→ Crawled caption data
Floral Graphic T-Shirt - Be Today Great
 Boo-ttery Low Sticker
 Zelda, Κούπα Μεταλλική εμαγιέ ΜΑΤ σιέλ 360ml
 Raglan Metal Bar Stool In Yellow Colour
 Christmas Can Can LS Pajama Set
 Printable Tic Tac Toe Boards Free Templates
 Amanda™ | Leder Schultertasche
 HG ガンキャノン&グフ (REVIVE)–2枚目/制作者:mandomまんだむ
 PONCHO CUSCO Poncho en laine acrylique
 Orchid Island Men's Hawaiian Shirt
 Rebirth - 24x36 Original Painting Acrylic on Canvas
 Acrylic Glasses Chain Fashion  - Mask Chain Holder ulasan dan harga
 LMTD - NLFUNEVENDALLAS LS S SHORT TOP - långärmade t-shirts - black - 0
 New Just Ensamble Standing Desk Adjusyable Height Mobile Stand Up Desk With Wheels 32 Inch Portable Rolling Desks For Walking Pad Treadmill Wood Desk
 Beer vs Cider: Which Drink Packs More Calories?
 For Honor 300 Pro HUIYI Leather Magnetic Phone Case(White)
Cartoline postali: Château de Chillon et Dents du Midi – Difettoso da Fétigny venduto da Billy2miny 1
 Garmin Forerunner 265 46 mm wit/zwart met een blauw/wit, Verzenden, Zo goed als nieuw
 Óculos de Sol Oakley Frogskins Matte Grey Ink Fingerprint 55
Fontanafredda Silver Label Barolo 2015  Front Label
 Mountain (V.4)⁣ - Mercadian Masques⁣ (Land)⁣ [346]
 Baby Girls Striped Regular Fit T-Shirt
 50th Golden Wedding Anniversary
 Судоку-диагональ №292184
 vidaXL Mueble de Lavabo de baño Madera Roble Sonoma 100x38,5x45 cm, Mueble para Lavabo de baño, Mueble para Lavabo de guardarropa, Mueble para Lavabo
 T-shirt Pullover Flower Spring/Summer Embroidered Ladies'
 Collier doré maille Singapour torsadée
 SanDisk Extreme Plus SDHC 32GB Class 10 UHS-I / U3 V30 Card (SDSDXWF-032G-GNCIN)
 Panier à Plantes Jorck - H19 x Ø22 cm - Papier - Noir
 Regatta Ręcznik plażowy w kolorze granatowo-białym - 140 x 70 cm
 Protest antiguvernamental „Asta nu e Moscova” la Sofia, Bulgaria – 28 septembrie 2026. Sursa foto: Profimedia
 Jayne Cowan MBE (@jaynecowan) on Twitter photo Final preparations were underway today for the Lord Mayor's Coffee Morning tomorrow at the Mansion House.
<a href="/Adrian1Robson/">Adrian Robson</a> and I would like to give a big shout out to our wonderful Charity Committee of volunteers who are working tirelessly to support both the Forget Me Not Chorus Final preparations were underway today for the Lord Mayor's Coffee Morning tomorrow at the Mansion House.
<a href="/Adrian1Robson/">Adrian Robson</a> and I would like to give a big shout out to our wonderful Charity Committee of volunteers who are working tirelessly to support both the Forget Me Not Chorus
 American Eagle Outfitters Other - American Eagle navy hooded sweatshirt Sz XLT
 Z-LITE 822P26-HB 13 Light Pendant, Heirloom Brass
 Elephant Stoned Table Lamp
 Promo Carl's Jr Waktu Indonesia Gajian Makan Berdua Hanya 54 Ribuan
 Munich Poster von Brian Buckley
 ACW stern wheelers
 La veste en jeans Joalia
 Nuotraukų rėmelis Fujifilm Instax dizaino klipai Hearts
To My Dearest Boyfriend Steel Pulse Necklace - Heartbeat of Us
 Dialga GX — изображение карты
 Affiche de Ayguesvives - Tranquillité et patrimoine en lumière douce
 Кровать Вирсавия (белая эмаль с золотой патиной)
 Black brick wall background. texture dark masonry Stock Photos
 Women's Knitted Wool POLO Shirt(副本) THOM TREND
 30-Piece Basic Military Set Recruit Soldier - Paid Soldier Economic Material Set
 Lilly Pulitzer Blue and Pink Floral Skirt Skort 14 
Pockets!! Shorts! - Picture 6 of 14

→ About this exercise
Go line by line through the records above and copy each one containing "underway".

→ Expected answer
 Jayne Cowan MBE (@jaynecowan) on Twitter photo Final preparations were underway today for the Lord Mayor's Coffee Morning tomorrow at the Mansion House.
<a href="/Adrian1Robson/">Adrian Robson</a> and I would like to give a big shout out to our wonderful Charity Committee of volunteers who are working tirelessly to support both the Forget Me Not Chorus Final preparations were underway today for the Lord Mayor's Coffee Morning tomorrow at the Mansion House.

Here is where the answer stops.